The last botanical drawing I did in Guyana before we sailed away…somehow I failed to upload it to my Botany, Baby post. A common plant, even in Asia where I come from, but that’s no reason not to draw it. I enjoyed doing the leaves on this one…
As promised, here’s the finished redwork bird design from yesterday, done up as a mock kitchen journal cover using the font Asterism, and a woven fabric texture from Picmonkey, to sort of give me an idea of how it might look.
Also some very small (the size of a playing card) watercolors from this morning…just playing with ideas and stuff. I really wanted to jump-start a big painting, but didn’t feel well…think I have picked up someone’s flu. It was bad enough to prevent me from heading in to work. So I consoled myself with these little things…they sort of serve as warm-up exercises for the large painting I had in mind; whether I use all the motifs or not is not important…what matters is that I’ve dumped my ideas somewhere for reference, and my mistakes on these teeny-tiny canvases will possibly save me from making the same ones on a larger scale in acrylics.
An idea that has been with me for a long time (too long!): a jellyfish that is also a terrarium. Because the two forms have always seemed to be crying out for each other, in my imagination.
There’s something very right about this combination.
A jellyfish like a pink silk muumuu with pleated ribbons.
Not happy with this one: Just. Too. Much.
Looks like the sort of horrible lampshade you sometimes come across at a Salvation Army shop. I like the tentacles, though.
The Meh Jellyfish…every smack of jellyfish has to have one: kinda boring, lacks spark. That beaded curtain was a really lazy, unimaginative, clichéd way to finish what might have been an okay exumbrella. (That’s that outer, umbrella-looking part of the jellyfish. I looked it up just now.) Maybe if I transplanted the tentacles from the crocheted lamp jellyfish…
One interpretation of mangroves.
Speaking of mangroves, check out my accidentally fabulous tomato plant, growing like nobody’s business in the middle of a mangrove creek! It sprouted from some kitchen scraps thrown onto a basil plant! Pretty soon it had ousted the withering basil and become the star plant on the F/V SonOfAGun.
This Sunday was spent just the way I have fantasized about spending a Sunday for many, many weeks: no craft market, no dinner parties, no social commitments, no dramas, no urgent errands, no housekeeping. I got up at a lazy 8 a.m. and—after breakfast and getting a huge pot of coffee ready—set to work with the aim of getting one simple project done, from start to finish, in one day.
I took an idea for a new journal cover design and moved it from daydream…to doodle…to finished illustration. In these pictures it isn’t quite done…but dusk came along just as I put in the finishing touches of opaque white ink, and then it was too dark to photograph the illustration properly.

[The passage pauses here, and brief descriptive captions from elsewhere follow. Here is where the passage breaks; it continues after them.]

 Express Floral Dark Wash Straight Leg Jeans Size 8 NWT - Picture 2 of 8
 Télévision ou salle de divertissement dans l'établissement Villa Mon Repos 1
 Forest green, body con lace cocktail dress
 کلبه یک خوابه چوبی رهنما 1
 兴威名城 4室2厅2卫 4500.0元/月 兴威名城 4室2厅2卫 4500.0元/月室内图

This is going to be the cover fabric design for a hand bound “Recipe Journal”…the title, in handwritten Spencerian script, was supposed to go inside the empty label, but I’m glad I held off from writing straight onto the illustration…text can always be added in Photoshop, later. I think I’ll keep the label blank, so that the design can be used for other things besides a recipe notebook.
I loved devoting the entire day to making something. Now it’s dark outside and my eyes are a little strained from all the fine brushwork I did, so I’ll probably spend the rest of the evening listening to music in the dark and then turn in early.

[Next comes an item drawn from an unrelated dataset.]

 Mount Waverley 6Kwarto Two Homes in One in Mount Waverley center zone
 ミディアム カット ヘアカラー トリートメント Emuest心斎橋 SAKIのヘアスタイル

It’s been a perfect, perfect Sunday. Hope your weekend was peaceful and satisfying, too!
Process: Pencil drawing (4B), watercolours on cotton rag paper. Redwork details (I was trying to capture the feel of embroidered redwork stitches) in matte flow acrylic paint applied with a fine-tipped gutta applicator. Opaque white details (not pictured) using white ink and a mapping pen.
This small handful of journals and watercolour books that I put together yesterday spent the night tightly clamped between smooth, hard boards…like unruly winos locked up for their own safety.
A favourite way to start the day is to pour a cup of coffee and sit in the breeze on deck as the sun comes lancing over the tops of the mangroves, and release the previous day’s work—what was a loose and motley collection of disparate pieces held together with runny glue and faith in the powers of synthesis—from the grip of the press, to find that everything has come together with a grace and finesse that still takes my breath away.
Yesterday: paper, thread, fabric and leather scraps, glue, grey-coloured board.
This morning: a dense, well-made, glowingly beautiful book that feels precious as it sits in my hand.
Magic. I will NEVER become blasé about the transformation.